For applied machine learning researchers, probably the most straightforward method is Gibbs sampling (see Chapter 29 of "Information Theory, Inference, and Learning Algorithms" by David MacKay) because you only need to derive conditional probability distributions for each random variable and then sample from these distributions in turn. Of course you have to handle convergence of the Markov chain, and make sure your samples are independent, but you can't go far wrong with the derivation of the conditional distributions themselves. The downside of sampling methods is their slow speed. A related issue is that sampling methods are not ideal for online scalable inference (e.g., learning from streaming social network data).

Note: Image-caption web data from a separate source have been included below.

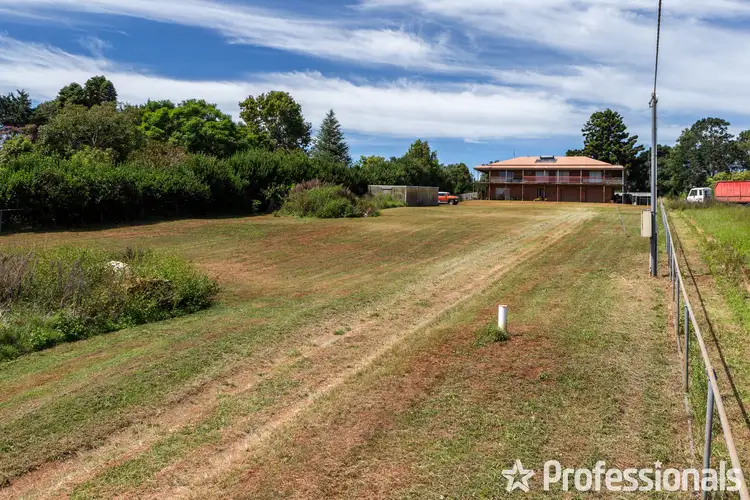 45-47 Bateke Road, Tamborine Mountain QLD 4272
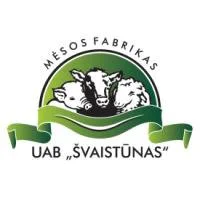 Švaistūnas, UAB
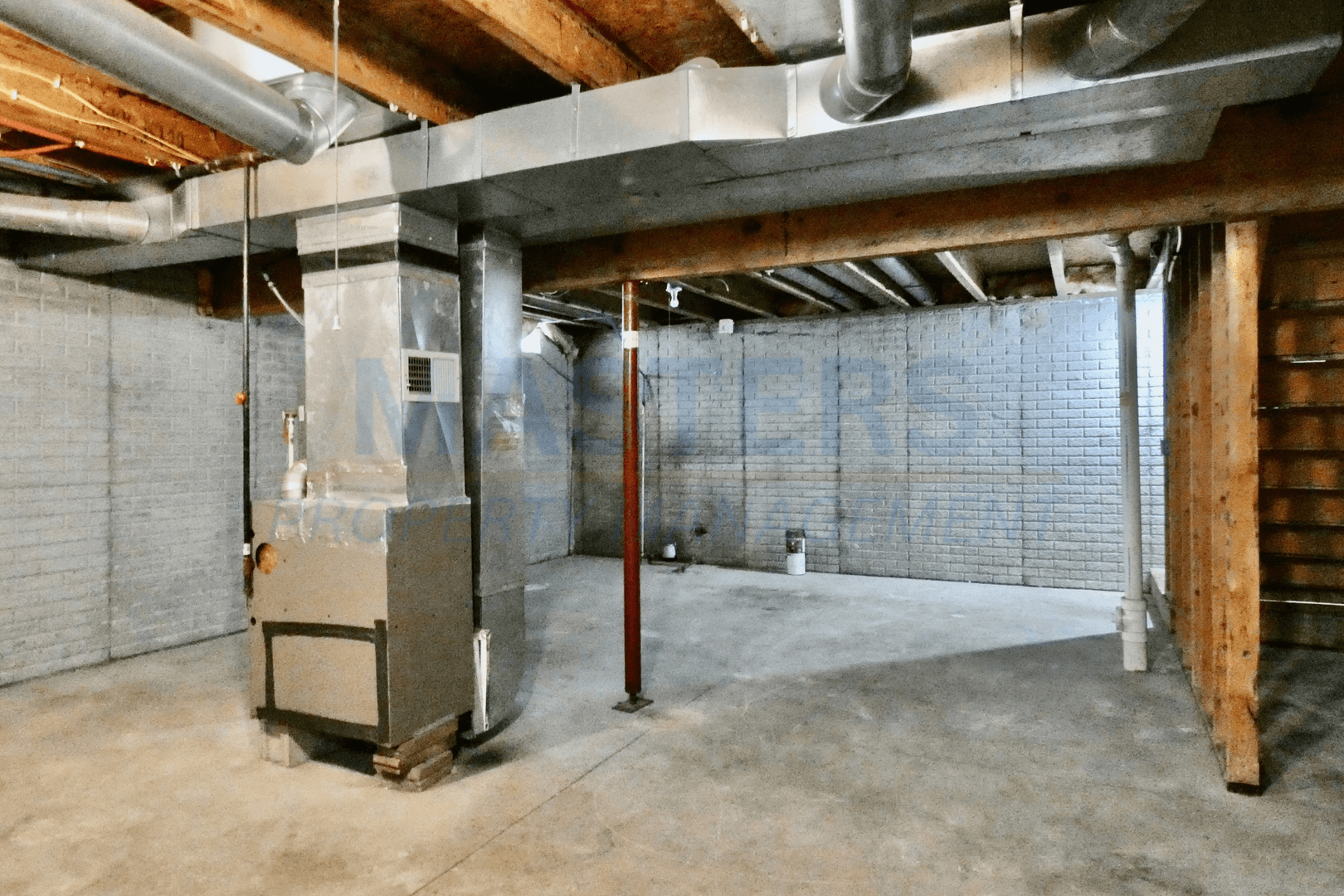 Toledo House: 2242 Kent St
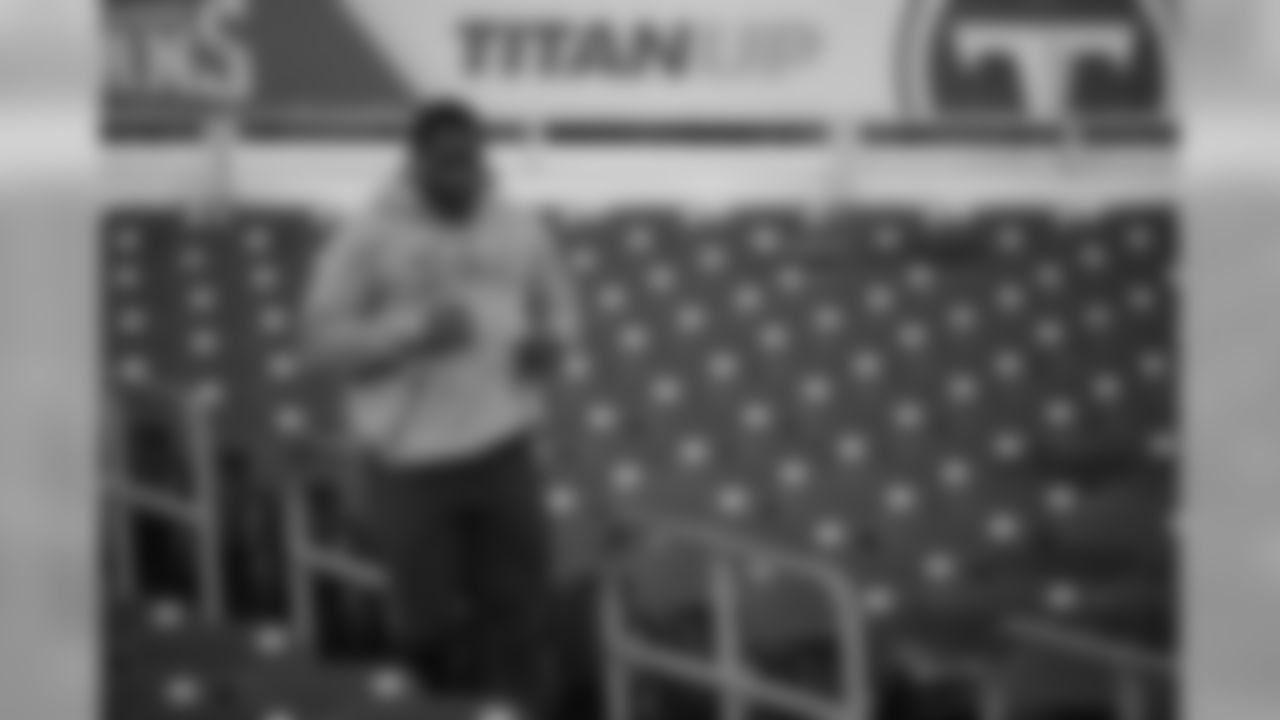titans2018jets-pregame163111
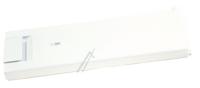 WHIRLPOOL/INDESIT Vriesvakklep                                                 481244069384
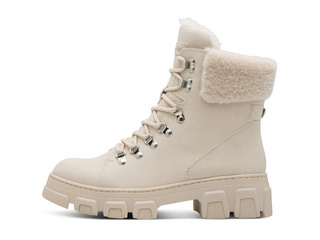 Tamaris Schnürboots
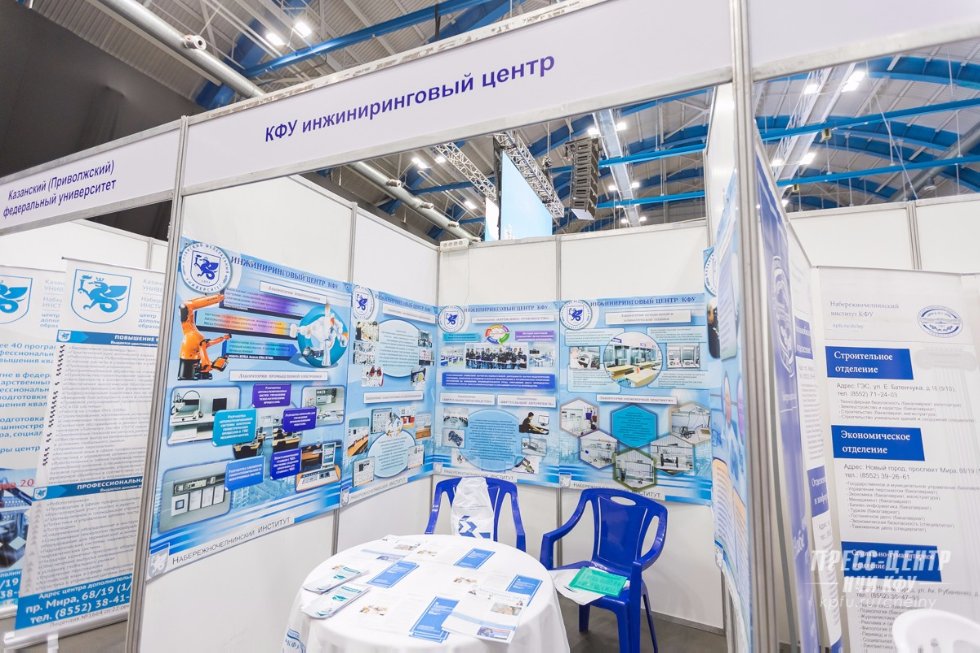 ��� ������ ������� � �I ������� ������������-������������ ������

For these reasons, I have spent the last 6 months learning how to apply variational inference to my mobility models. While there are some very good sources describing variational inference (e.g., chapter 10 of "Pattern Recognition and Machine Learning" by Bishop, this tutorial by Fox and Roberts, this tutorial by Blei), I feel that the operational details can get lost among the theoretical motivation. This makes it hard for someone just starting out to know what steps to follow. Having successfully derived variational inference for several custom hierarchical models (e.g., stick-breaking hierarchical HMMs, extended mixture models), I'm writing a practical summary for anyone about go down the same path. So, here is my summary for how you actually apply variational Bayes to your model.

Preliminaries

I'm omitting an in-depth motivation because it has been covered so well by the aforementioned tutorials. But briefly, the way that mean-field variational inference transforms an integration problem into an optimisation problem is by first assuming that your model factorises further than you originally specified. It then defines a measure of error between the simpler factorised model and the original model (usually, this function is the Kullback-Leibler divergence, which is a measure of distance between two distributions). The optimisation problem is to minimise this error by modifying the parameters to the factorised model (i.e., the variational parameters).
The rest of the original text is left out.